Ich war noch nicht lange in Shihezi, da wurde mir von einem Chinesen ein Begriff genannt, der «the core of Chinese society» sein soll, also geradewegs in ihr Herz führe. Es handelt sich dabei um «guanxi», vielleicht am zutreffendsten mit «Beziehungen» übersetzt. Seither hatte ich Gelegenheit genug, das guanxi-System, dieses weit reichende Netz aus Verbindungen, aus Abhängig- und Gefälligkeiten, etwas zu studieren (ich sage nicht: zu verstehen), will hier aber nicht ins Detail gehen.

Deshalb nur ein garantiert fiktives Beispiel zur Veranschaulichung: Der Chinese A möchte seine Tochter in einer Mittelschule unterbringen, die ihr jedoch, warum auch immer, nicht offen steht. Nun erinnert sich A seines Onkels B, der gewöhnlich sehr gute Kontakte zur Obrigkeit hat. Und in der Tat, B. kennt in der Schulbehörde den Beamten C., der in dieser Sache freilich ganz machtlos ist, aber gute Beziehungen zu D. pflegt, dem er, C., vor nicht allzu langer Zeit zur Festigung der Freundschaft sündhaft teure Flusskrebse hatte zukommen lassen, sodass nun also D. (der zufällig mit A. im selben Dorf aufwuchs, diesen aber seit Jahrzehnten nicht mehr gesehen hat) bei E., dem Entscheidungsträger in dieser Angelegenheit und D. wegen irgendetwas auf ewig verpflichtet, ein gutes Wort für A. einlegen wird. 

So geht das, so wichtig ist guanxi, ja, unverzichtbar. Übrigens gut möglich, dass am Ende A. und E ihre wieder aufgenommene Beziehung (und des Töchterchens Wechsel zur Mittelschule der Wahl) bei einem Gläschen oder zwei, drei feiern. Das Hilfs- und Schmiermittel zur Pflege von guanxi aber ist Baijiu, ein klarer, starker Schnaps.

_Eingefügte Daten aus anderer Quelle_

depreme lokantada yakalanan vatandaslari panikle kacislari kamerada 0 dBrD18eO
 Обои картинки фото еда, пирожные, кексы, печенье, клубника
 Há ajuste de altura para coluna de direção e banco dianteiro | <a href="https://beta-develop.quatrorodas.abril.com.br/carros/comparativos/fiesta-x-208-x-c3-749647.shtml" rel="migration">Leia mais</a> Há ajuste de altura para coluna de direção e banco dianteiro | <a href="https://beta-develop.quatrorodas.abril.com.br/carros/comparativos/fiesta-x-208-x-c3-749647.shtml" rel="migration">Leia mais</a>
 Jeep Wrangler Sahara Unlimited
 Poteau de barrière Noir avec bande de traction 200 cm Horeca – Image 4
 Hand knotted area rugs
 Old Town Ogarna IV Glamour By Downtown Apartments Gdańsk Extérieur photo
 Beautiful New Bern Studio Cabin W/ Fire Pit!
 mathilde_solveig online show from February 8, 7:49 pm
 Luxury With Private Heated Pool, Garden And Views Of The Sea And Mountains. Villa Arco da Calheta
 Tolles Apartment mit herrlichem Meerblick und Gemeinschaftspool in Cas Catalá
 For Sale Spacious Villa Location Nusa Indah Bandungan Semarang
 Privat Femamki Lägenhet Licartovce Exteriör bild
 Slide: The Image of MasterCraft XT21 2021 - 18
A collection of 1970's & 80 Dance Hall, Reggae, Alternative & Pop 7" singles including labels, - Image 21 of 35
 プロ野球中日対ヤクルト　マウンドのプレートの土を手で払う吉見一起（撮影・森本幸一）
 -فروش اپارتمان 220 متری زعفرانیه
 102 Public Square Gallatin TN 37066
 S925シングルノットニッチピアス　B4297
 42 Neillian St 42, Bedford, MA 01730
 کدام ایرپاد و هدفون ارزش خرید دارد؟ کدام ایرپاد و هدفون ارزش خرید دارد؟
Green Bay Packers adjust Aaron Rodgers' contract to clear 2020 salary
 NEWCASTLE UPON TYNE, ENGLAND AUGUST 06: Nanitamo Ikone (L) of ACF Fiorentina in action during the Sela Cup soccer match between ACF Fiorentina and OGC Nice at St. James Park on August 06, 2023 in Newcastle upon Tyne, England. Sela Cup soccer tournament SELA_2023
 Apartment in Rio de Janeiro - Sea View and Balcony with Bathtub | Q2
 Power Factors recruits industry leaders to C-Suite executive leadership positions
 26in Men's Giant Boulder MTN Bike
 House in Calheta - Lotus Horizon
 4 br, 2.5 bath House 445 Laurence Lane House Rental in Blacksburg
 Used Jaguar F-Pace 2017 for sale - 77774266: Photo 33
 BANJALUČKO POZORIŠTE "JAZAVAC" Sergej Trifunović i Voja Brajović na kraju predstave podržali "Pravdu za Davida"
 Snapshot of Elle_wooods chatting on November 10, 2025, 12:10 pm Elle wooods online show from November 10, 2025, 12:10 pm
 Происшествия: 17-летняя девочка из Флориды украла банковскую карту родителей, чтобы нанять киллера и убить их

Ich entsinne mich einer Einladung zum Abendessen, die, so vertraute mir der Gastgeber an, hauptsächlich der Pflege seiner Beziehungen diente und in deren Verlauf ich Zeuge einer Art Wett- und Kampftrinkens wurde, bis die augenscheinlich wichtigste Person im Kreis der um einen runden Tisch Versammelten sich nur noch von links und rechts gestützt zum Trinkspruch («ganbei», … etc.) erheben konnte. Dieser auf mich recht unfroh, trotz bedeutender Mengen Alkohols verkrampft, mindestens aber seltsam wirkende Abend sei, so versicherte mir der am Ende auch schon merklich angeschlagene Gastgeber, ein voller Erfolg gewesen. Nun könne er sich bis auf Weiteres wieder einiger wichtiger Leute sicher sein.

Dass ich selbst an diesem Abend den Baijiu-Gruss der Respektsperson von jenseits des Tisches mit meinem «Wusu»- Bier erwiderte (ich mag nun mal keinen Schnaps), sei, so klärte man mich später auf, ein schwerer Fehler gewesen. Durch den nicht nur ich selbst mein Gesicht, meine Männlichkeit und alles verlor, sondern, was viel schwerer wiegt, diesem wichtigen Mann sein Gesicht genommen hätte. Da kann ich nur hoffen, dass ich seiner Hilfe nie bedarf, sein Einfluss doch nicht gar so bedeutend ist oder er nach diesem kapitalen Rausch vergessen hat, was der ungehobelte Schwede (die Schweiz wird hier gern mit Schweden verwechselt) ihm antat.

 

Comments

1

gut gemacht! kein schnaps. aber eine andere frage: wie kann der wichtige mann, der sein gesicht verloren hat bzw. das du ihm durchs biertrinken genommen hast (also inklusive mund), denn überhaupt weiterhin schnaps trinken? –

  fischyou May 30, 2011 6:09 PM

2

Gute Frage, und ich kann mir das auch nur damit erklären, dass man jemandem das Gesicht nicht nur nehmen, sondern ihm auch eines geben kann, nach dem unglaublichen Vorfall also jemand dem wichtigen Mann ganz schnell ein neues Gesicht zugesteckt haben muss, worauf dieser nicht mehr nackt dastand und, das vor allem, weitertrinken konnte.